Der Tumult im Hof war derselbe wie an jedem Heiratssamstag. Die aufgeregten Insassinnen machten sich gegenseitig so hübsch wie möglich und beteten so inbrünstig wie an keinem anderen Tag um einen netten, gut aussehenden Siedler, der sie aus dem Elend der Anstalt befreite und mit auf eine Farm nahm.
Die junge Frau, die sie »Fisch« nannten, tat nichts dergleichen. Es war der 38. Heiratssamstag, den sie miterlebte, und es sollte ihr vorletzter sein. In drei Monaten musste man sie freigeben, sieben Jahre Verbannung waren dann vorüber, ihre Strafe abgebüßt.
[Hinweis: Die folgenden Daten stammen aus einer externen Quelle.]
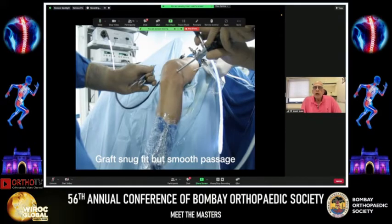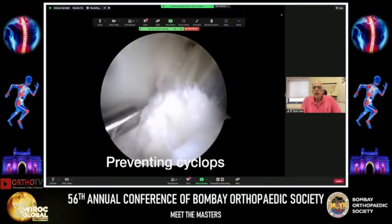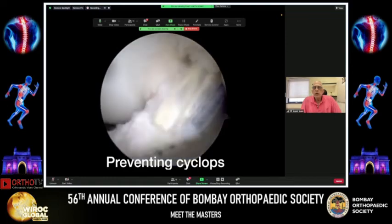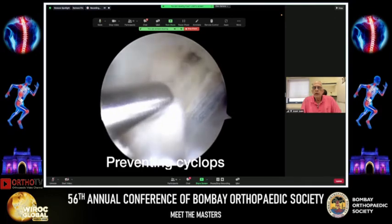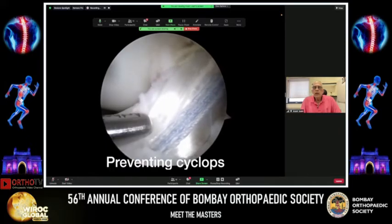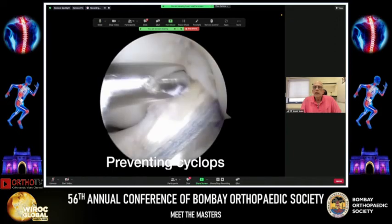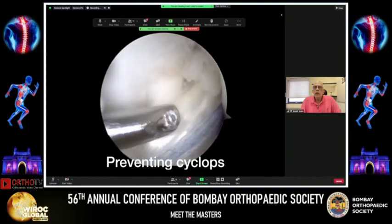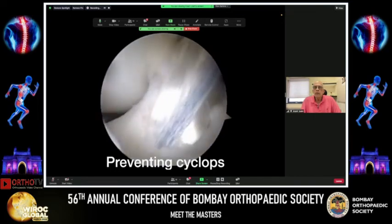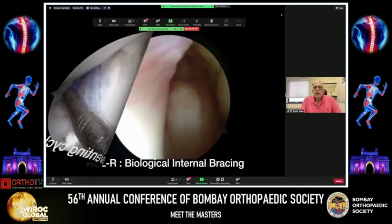After passing the graft, take a relook into the knee to ensure there is no debris anterior to the ACL graft, as this can lead to a cyclops lesion, graft impingement, and restricted knee extension. Clean up anything anterior to the ACL graft using a small joint shaver to avoid damaging the graft. Extend and flex the knee to confirm there is no graft impingement before fixing the graft on the tibial side.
Als das Signal zur Aufstellung kam, begann der übliche Kampf um die besten Plätze, und Fisch beobachtete, wie Siebzehn-Kinder-Mary verbissen mehrere Insassinnen zu Boden riss und damit aus dem Weg räumte. Die Frauen, die in Tornähe standen, bekamen nie einen Siedler ab, die Männer gingen an ihnen vorbei und pickten sich eine Ehefrau aus der Mitte oder vom Ende der Schlange. Am Anfang der Reihe wollte deshalb kaum jemand stehen. Fisch platzierte sich immer ganz vorne, unter den ersten zehn Gefangenen. Niemand würde sie wählen, auch dann nicht, wenn sie auf dem besten Platz stand, das war ihr ebenso klar wie jeder anderen Frau. Sie hatte sich damit abgefunden. Für sie überwogen die Vorteile, sorgte doch diese Tatsache dafür, dass ihre Mitinsassinnen sie gut leiden konnten – sie stellte keine Konkurrenz dar.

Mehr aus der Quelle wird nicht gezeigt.